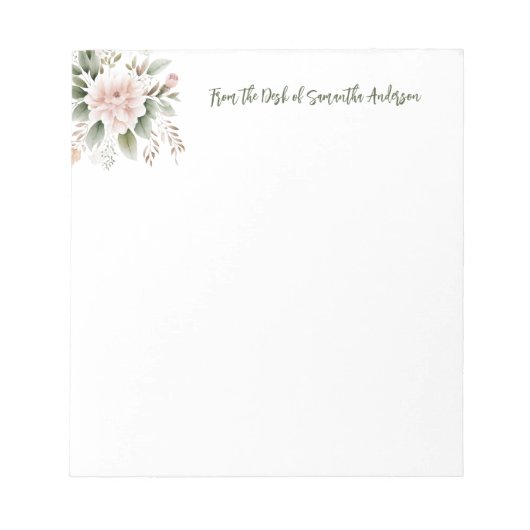 Persoonlijke Roze Groene Bloemendesign 'Van het bu Notitieblok (Voorkant)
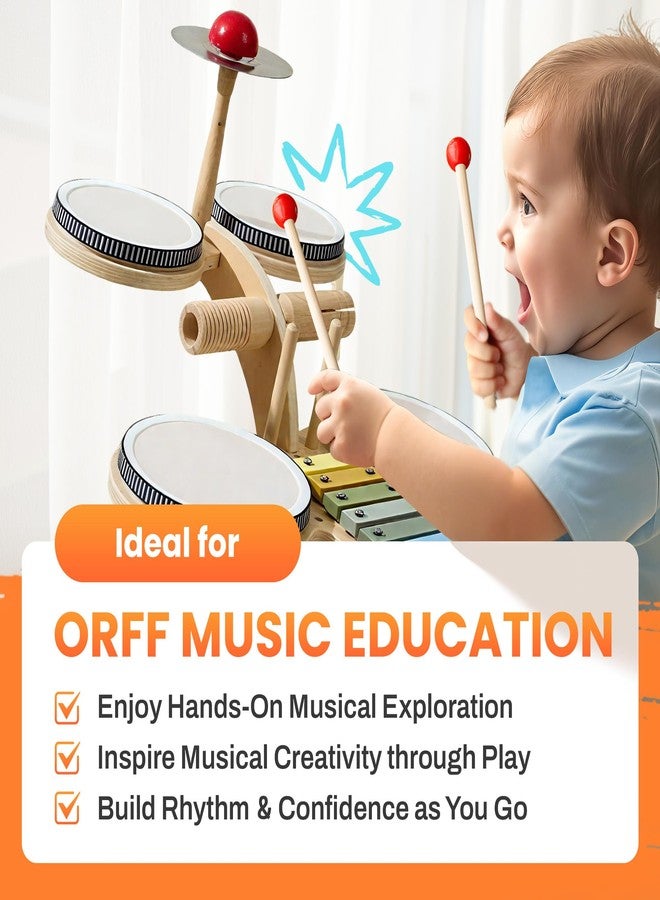 iPlay, iLearn Toddler Wooden Drum Set, Kids Musical Instruments Toy, 8 in 1 Percussion Drum Kit W/Xylophone Cymbal, Baby Montessori Learning Birthday Gifts for 18 Month, 2 3 4 5 6 Year Old Boy Girl - Image 2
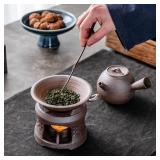 1 Set Tea Stove Ceramic teapot Tea Light Candle Holder Aromatherapy Oil Burner Essential Oil Burner Holder Ceramic Wax Candle s Insulation teapot Stand - Retail: $32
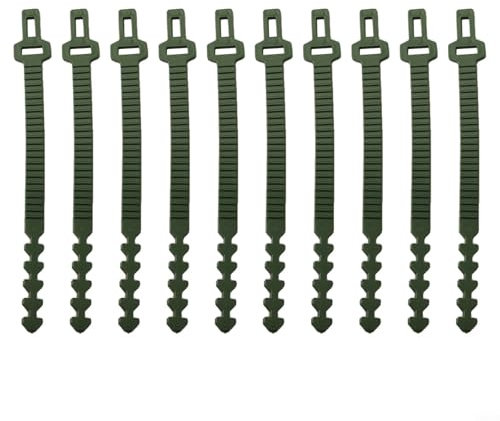YJDOORPLAY 10 lazos para árboles, corbata de jardín para soporte de plantas, correas de goma suave ajustables, 24 cm de longitud, para soporte de árbol de plantas de arbusto, rosa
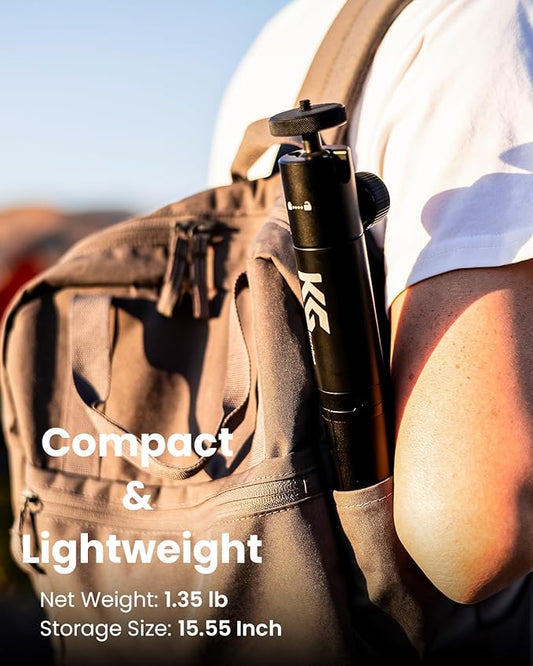 KraftGeek Portable Projector Stand for Outside, 32" Adjustable Projector Stand Tripod for Home & Outdoor Movie Night, with 1/4" Screw Adapter, 360 ° Rotation Ball Head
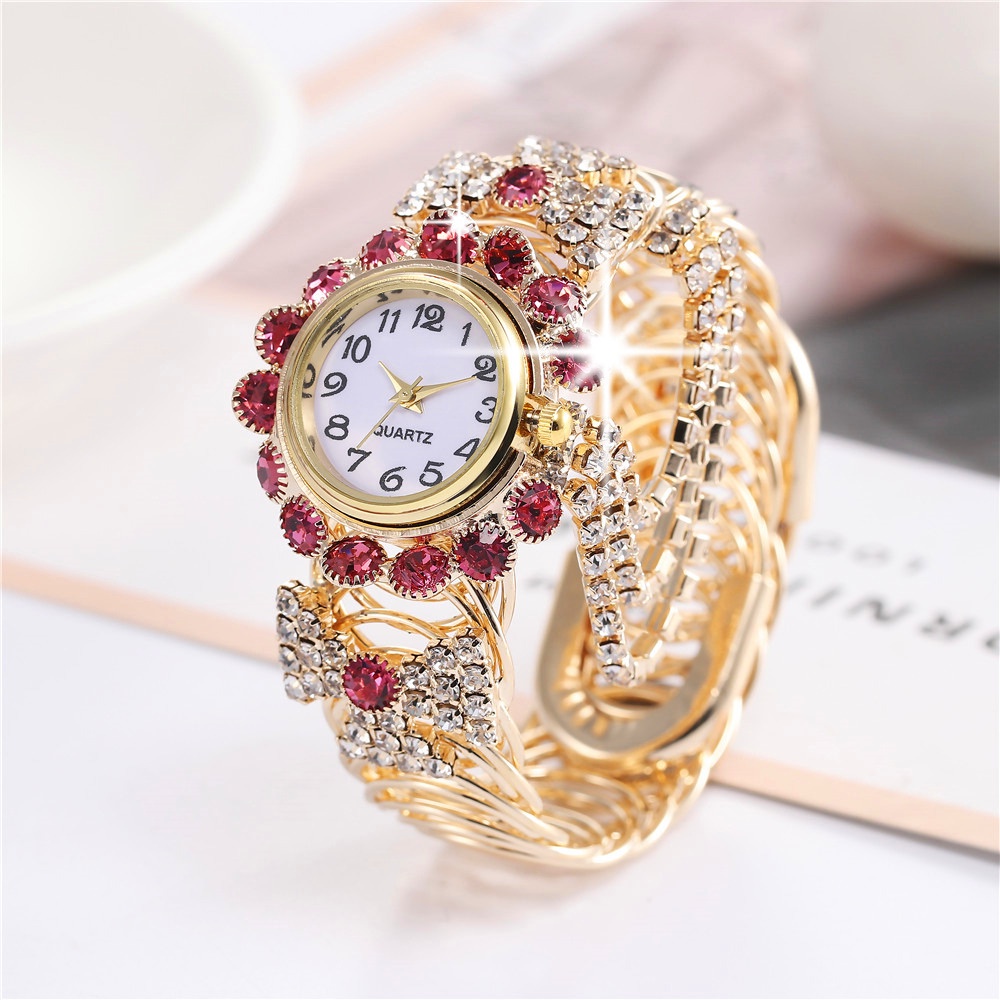 Đồng hồ nữ mới kim cương tính khí thạch anh đồng hồ đeo tay hợp kim thời trang đồng hồ nữ
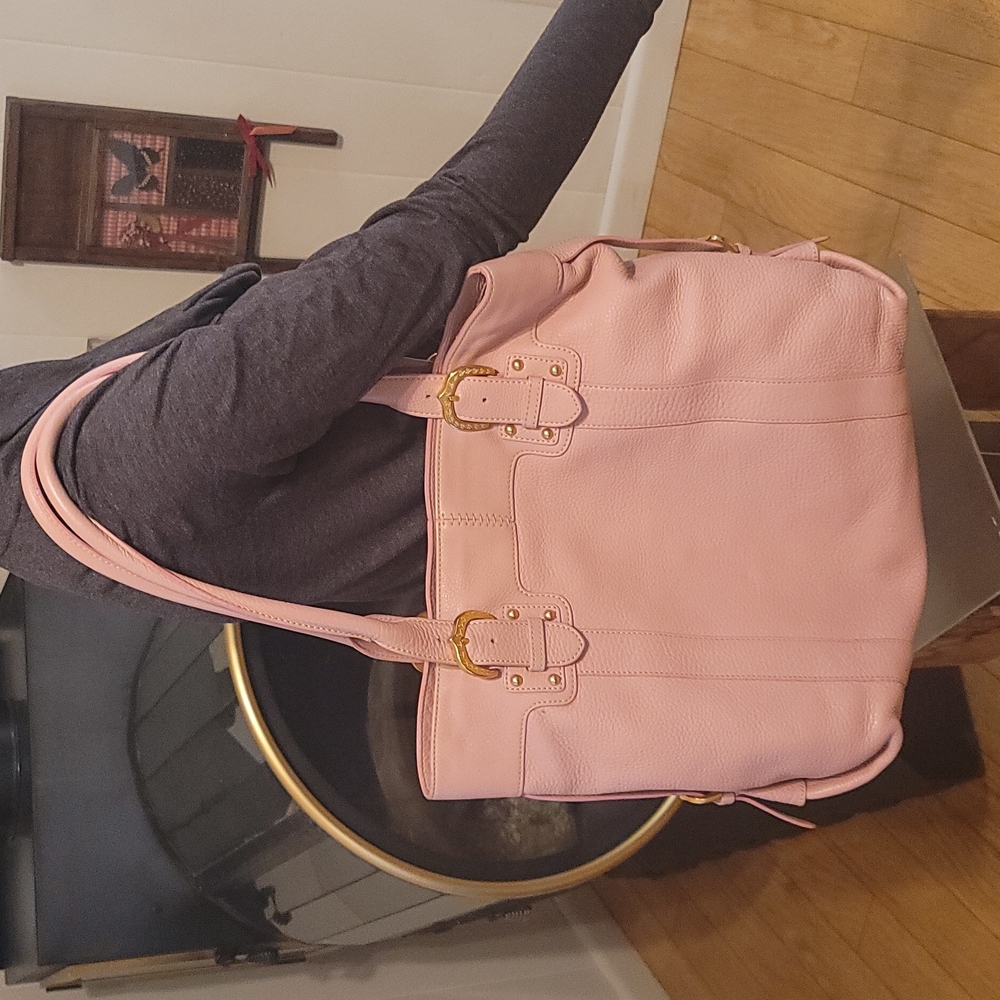 PINK Dooney & Bourke BIG Purse/Tote w/Gold Buckles, Logo & Hardware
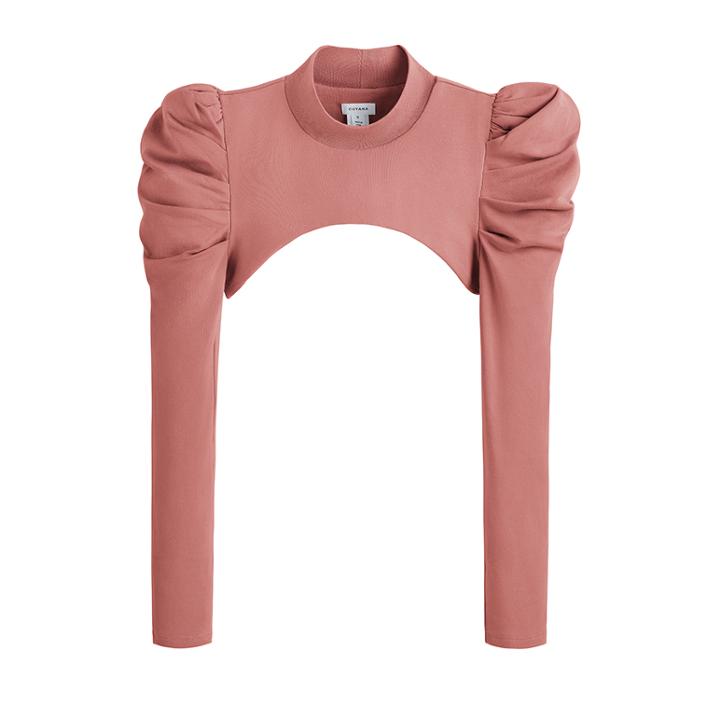 Women's French Terry Puff Sleevelette In Rose | Size: Large | Organic French Terry By Cuyana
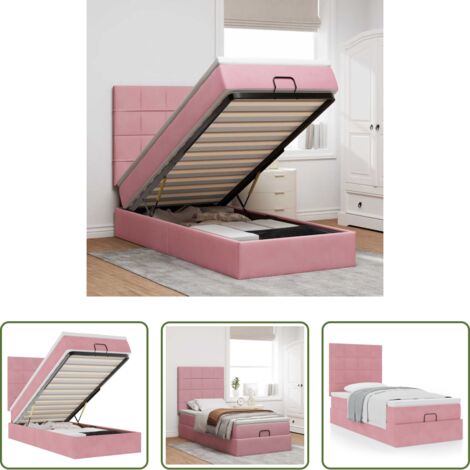 vidaXL Letto con stoccaggio -  Struttura Letto Pouf con Materassi Rosa 80x200 cm Velluto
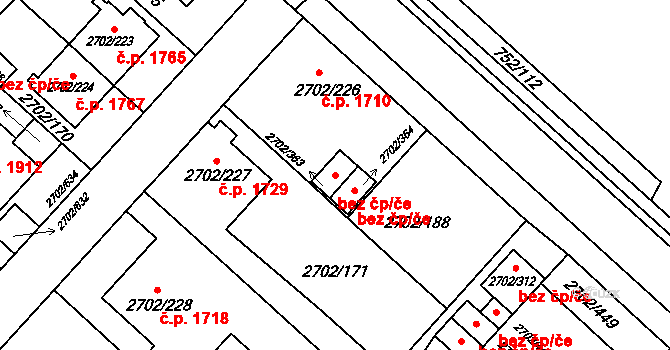 Opava 43778330 na parcele st. 2702/363 v KÚ Opava-Předměstí, Katastrální mapa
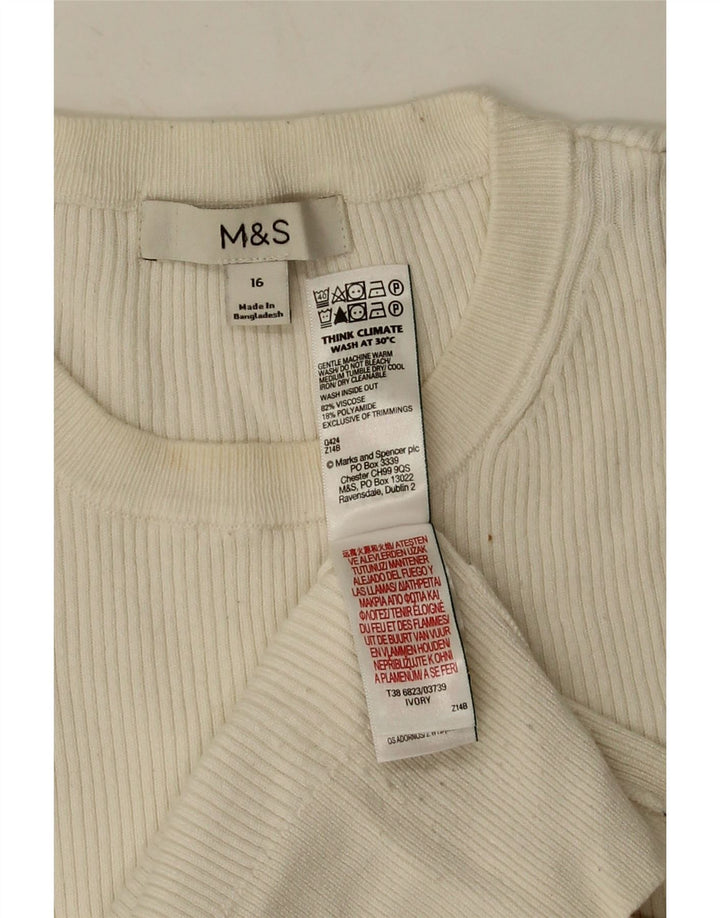 Marks & Spencer Γυναικείο τοπ μακρυμάνικο UK 16 Μεγάλη λευκή βισκόζη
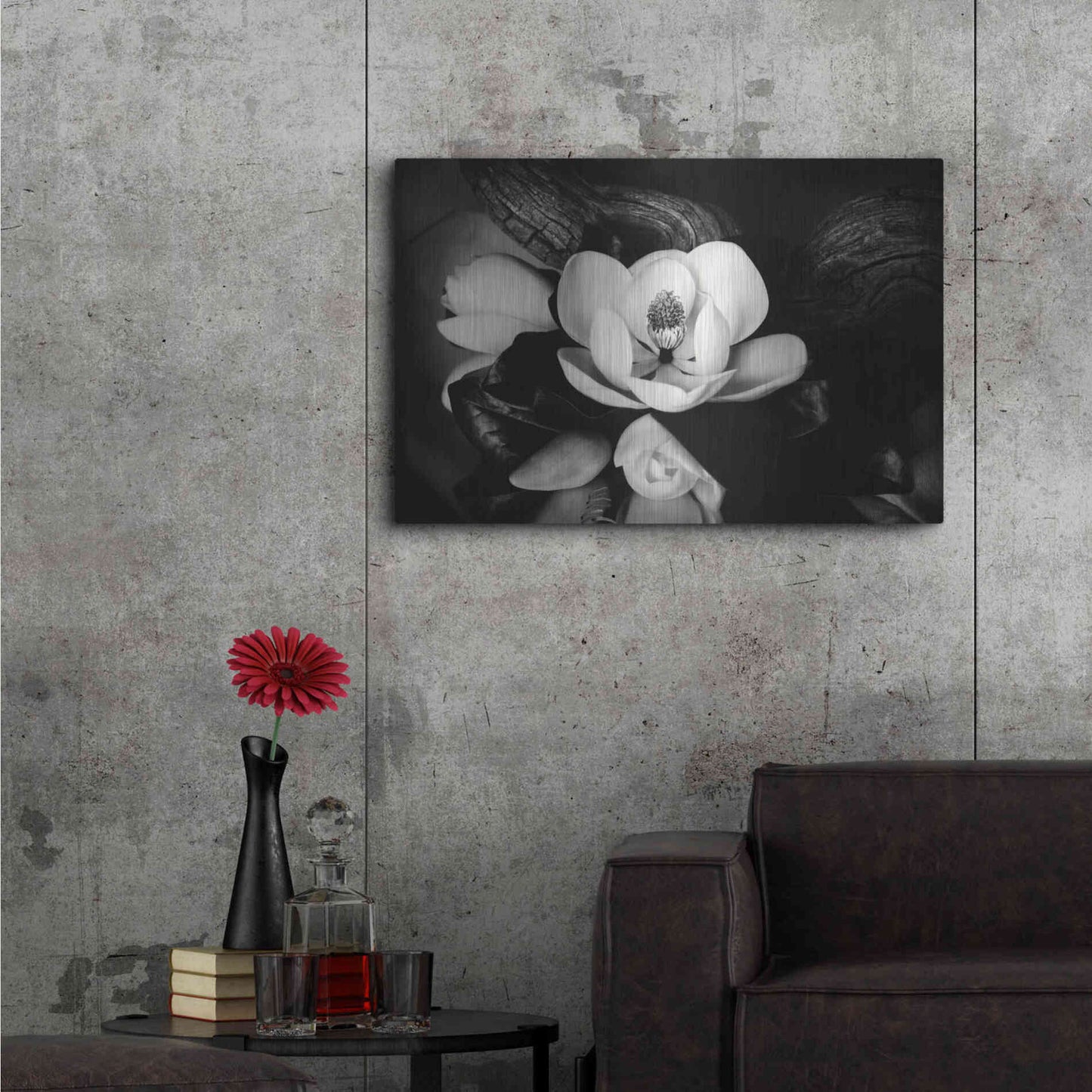 Luxe Metal Art 'Magnolia and Driftwood II' by Debra Van Swearingen, Metal Wall Art,36x24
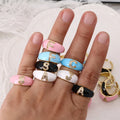 RM1258 Pink Blue Black White Rainbow Enamel Letter Ring  Cubic Zirconia CZ Initial Ring  Gold Personalized Thick Band Rings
::::::::
• [INSTRUCTIONS FOR THE TASK]
Set out, exactly as given, the line that contains "Luxe Metal Art" along with each line after it through the end of the records above; omit the pictures.

• [EXERCISE OUTPUT]
 Luxe Metal Art 'Magnolia and Driftwood II' by Debra Van Swearingen, Metal Wall Art,36x24
 RM1258 Pink Blue Black White Rainbow Enamel Letter Ring  Cubic Zirconia CZ Initial Ring  Gold Personalized Thick Band Rings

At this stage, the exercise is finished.